Mature love goes much deeper. Mature love, for me, is the absence of anger, and resentment in the relationship. The relationship could be with a partner, friend, family member, really any relationship. When you no longer can be move to anger or resentment by that person, you have found a love that is "mature" and endless. They cannot do anything that would shake your love for them. I'm not talking about being a door mat for them, but rather understanding the differences that live between you and them, and accepting them as they are. I tell a lot of my friends, at our age we are all weird, and all we need to do is embrace the weirdness.
My friends are as diverse as they can be; an artist, a scientist, a homemaker, a single career gal, a scholar, and yet, I love them all even though I may not understand the way their minds work. We all bring something different to the table, and I like excited by that.
I remember a wise woman telling me once a long time ago that people are not right or wrong, they are just different from each other. My lament at the time was a friend who was always late and I was upset because I am someone who is on time. I said my friend was being rude. That is when she explained, that maybe in their world it was OK to be late. It's not a matter of who is right and who is wrong - they are just different from you. If you want to hang out with that person, you just have to embrace that "difference" in them.

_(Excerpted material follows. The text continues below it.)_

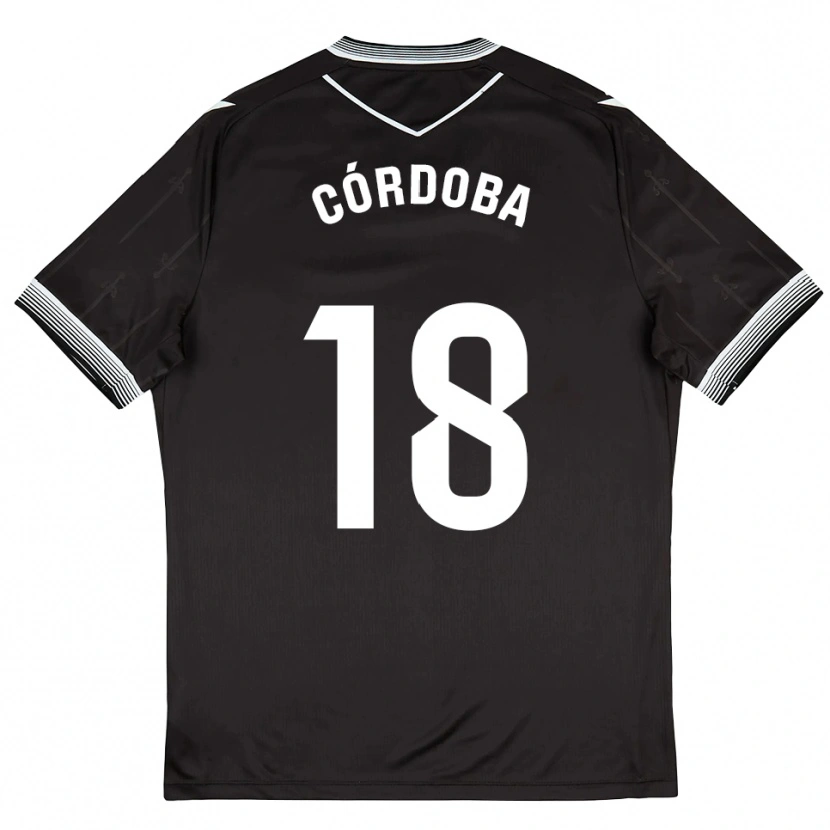 Danxen Dámské Aitor Córdoba #18 Černá Bílá Daleko Hráčské Dresy 2025/26 Dres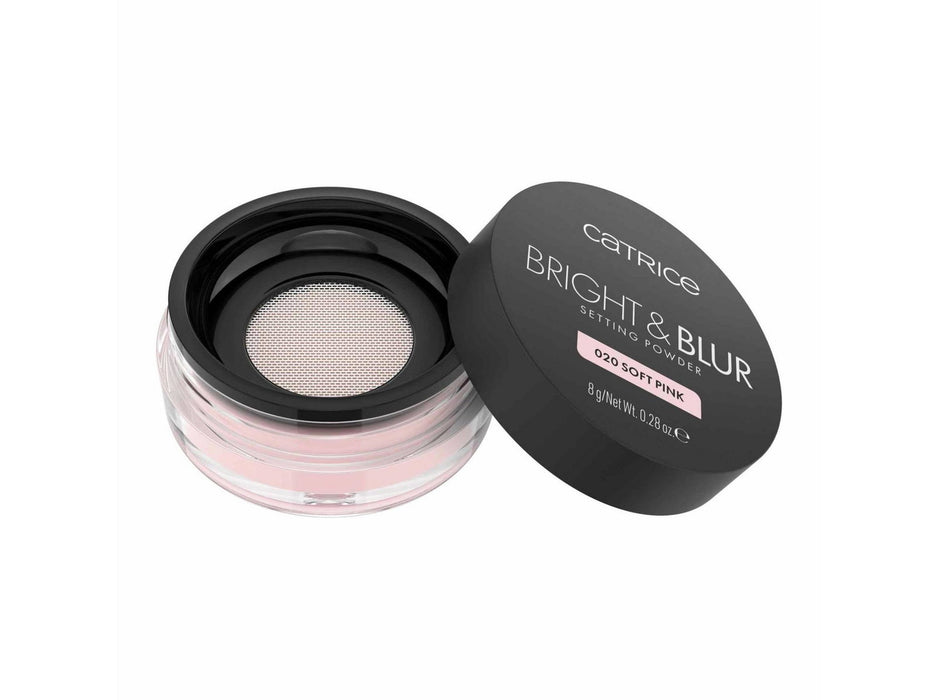 Pudră de fixare liberă Catrice Bright & Blur, mată, nuanța 020 Soft Pink, 8 g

Those wise words stuck with me till this day. My ex was always late to everything, but since I was in "immature Love" with him, I let it upset me. As I grew to accept our differences, I would tell him what time I was leaving to go somewhere, and at that time I would leave whether he was in the car or not. I can't say I was happy about it, but our marriage was not a good one, and was on my side, built on "Immature Love."
Who I am now would never even enter into a relationship with someone like that. I love myself to much now!